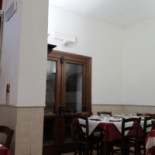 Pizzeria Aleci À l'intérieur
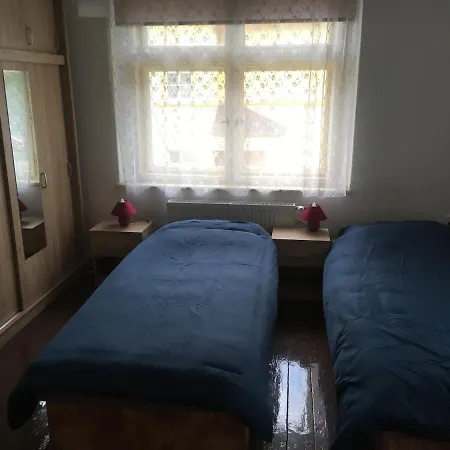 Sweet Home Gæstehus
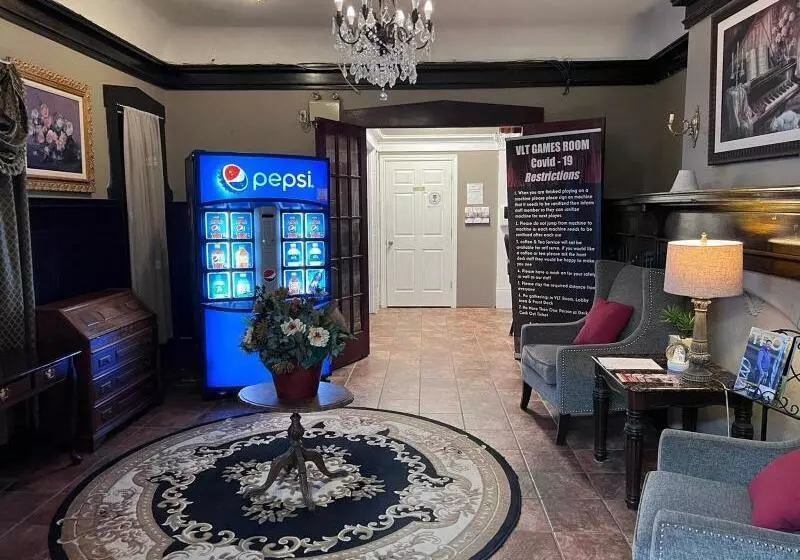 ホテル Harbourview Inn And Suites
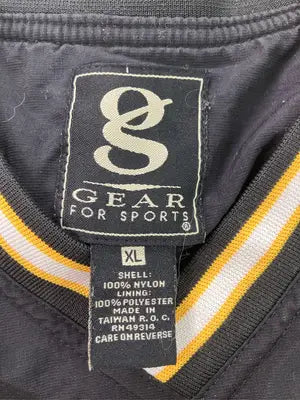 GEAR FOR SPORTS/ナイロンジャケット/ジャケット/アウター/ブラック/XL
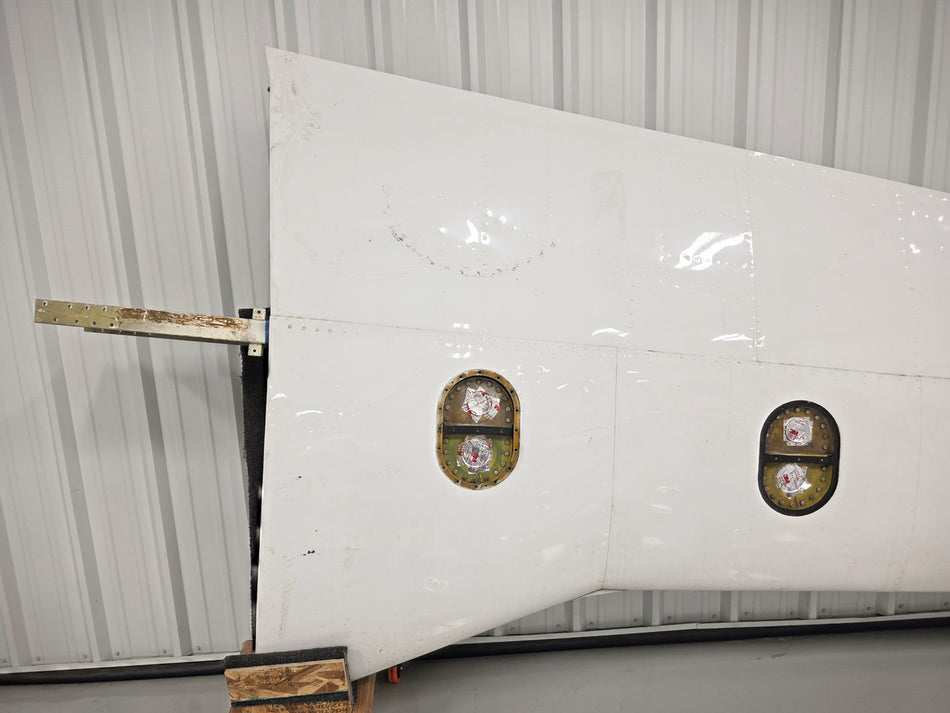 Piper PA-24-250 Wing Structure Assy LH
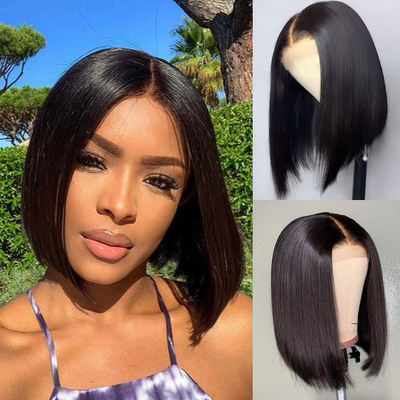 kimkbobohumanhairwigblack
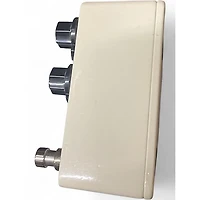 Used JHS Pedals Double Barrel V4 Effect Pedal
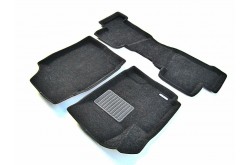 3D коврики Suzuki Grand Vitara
==============================
• **WHAT THE TASK ASKS**
Only the lines from the one containing "Sweet Home Gæstehus" through the last line of the data belong in the copy, both included and reproduced exactly. Pictures do not.

• **THE COMPLETED TASK**
 Sweet Home Gæstehus
 ホテル Harbourview Inn And Suites
 GEAR FOR SPORTS/ナイロンジャケット/ジャケット/アウター/ブラック/XL
 Piper PA-24-250 Wing Structure Assy LH
 kimkbobohumanhairwigblack
 Used JHS Pedals Double Barrel V4 Effect Pedal
 3D коврики Suzuki Grand Vitara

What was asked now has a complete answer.